*ABOUT THIS TASK*
Without the images, repeat every line of the listing verbatim.

*INPUT DATA*
..............................

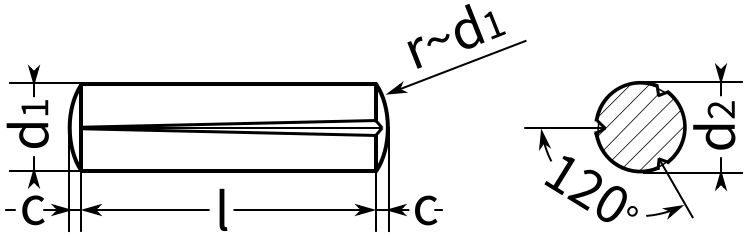 Штифт конический с насечкой по всей длине DIN 1471 - чертёж
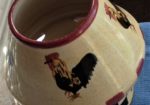 Glazed Rooster - Sturdy glazed rooster candle holder, 2 pieces, holds large candle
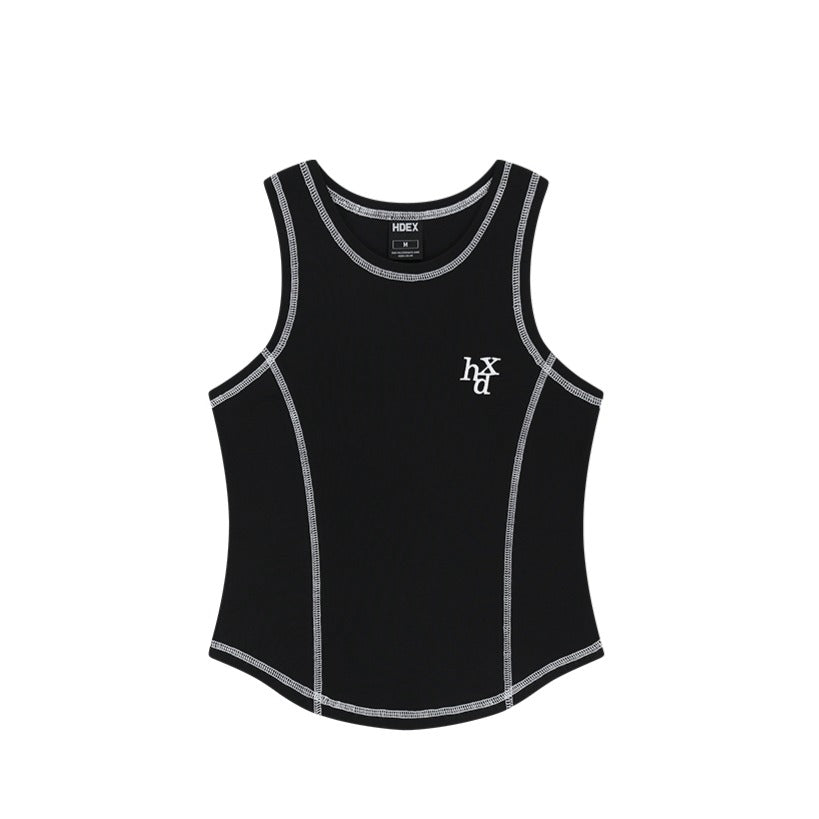 HDEX Signature Logo 車縫拼接修身背心 黑色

..............................

*EXERCISE ANSWER*
 Штифт конический с насечкой по всей длине DIN 1471 - чертёж
 Glazed Rooster - Sturdy glazed rooster candle holder, 2 pieces, holds large candle
 HDEX Signature Logo 車縫拼接修身背心 黑色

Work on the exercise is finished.